Candidate druggable targets for each subtype were identified (Fig. 7a). These distinctive expression profiles of the four subtypes in the druggable targets, suggesting that different therapeutic strategies should be applied to different subtypes in PTC. Carbonic anhydrase 12 (CA12/CAXII) is one metabolic enzyme and has emerged as a one promising cancer therapeutic target [30]. Germinal center kinase (GCK) has been identified as a therapeutic target in multiple myeloma with RAS mutation [31]. Both CA12 and GCK can be candidate targets for the high RR and metabolism subtype (CS2) as both CA12 and GCK showed higher expressions for CS2 (Fig. 7a).
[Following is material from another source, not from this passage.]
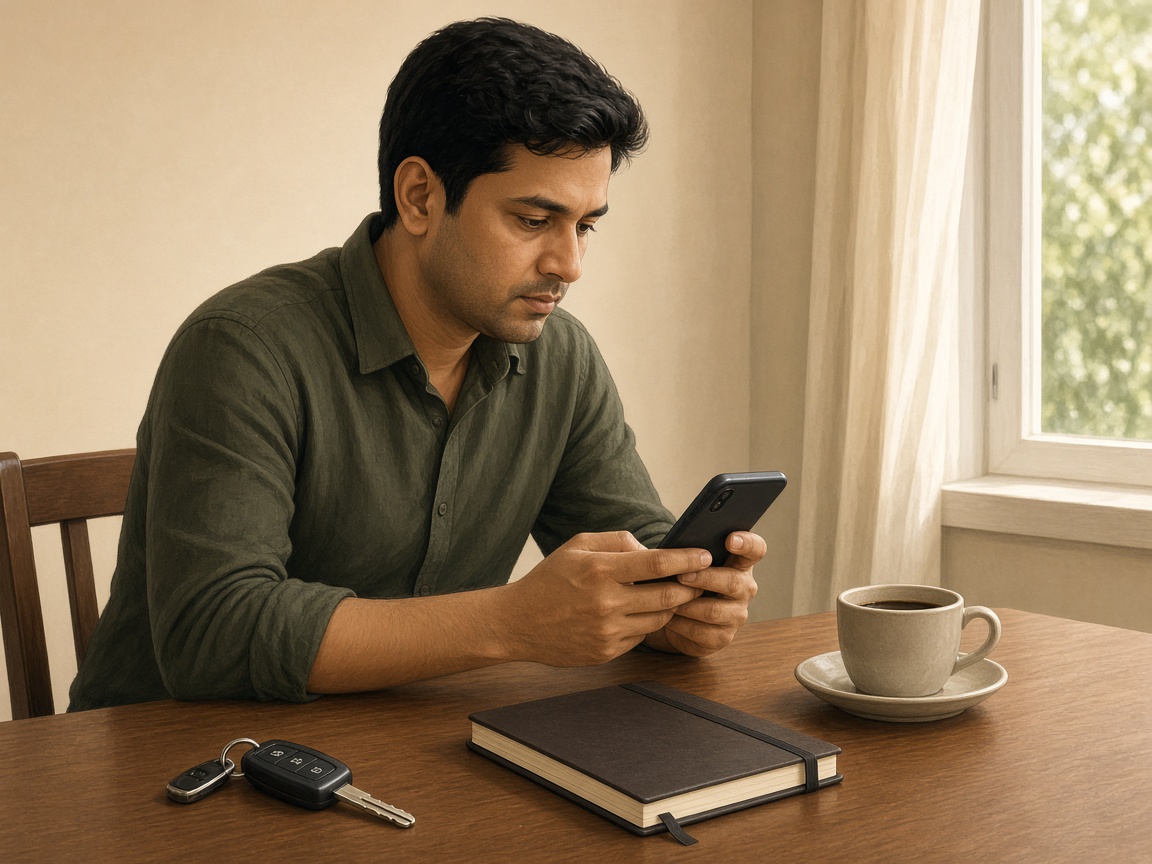 Customer booking a car service appointment on a phone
PRMT8 can be a potential therapeutic target for colon tumor [32]. CARTPT may affect thyroid stimulating hormone levels due to its association with the neuroendocrine function of hypothalamus [33]. PRMT8 and CARTPT can be potential therapeutic targets of the high RR and immune subtype (CS3, Fig. 7a). CEACAM6 has been regarded as a potential target for cancer immunotherapies [34], and it showed a CS4 specific up-regulation among the four subtypes (Fig. 7a).
In addition, metabolites which showed significantly associations with these potential targets were also identified (Fig. 7b). These metabolites can be potential biomarkers to indicate different targets. For instance, CEACAM6 showed high positive correlations with PE (16:0p_16:1) and PE (16:0p_18:1), then high levels of the two PEs in certain PTC patients may suggest the applicability of the CEACAM6 targets.
Furthermore, to predict the four meaningful PTC subtypes based on the omics data, we constructed a subtype predictor based on the expression levels of the top ranked genes and metabolites (see Methods). The predictor can classify the four subtypes accurately, with the areas under the receiver operator characteristic curves (AUCs) 1, 0.97, 0.97, 0.99 for CS1 to CS4 on the testing dataset (Fig. 7c). Meanwhile, the predicted probabilities of being the subtype CS2 were associated with recurrence-free survival where high CS2 probabilities were associated with unfavourable prognosis (Fig. 7d).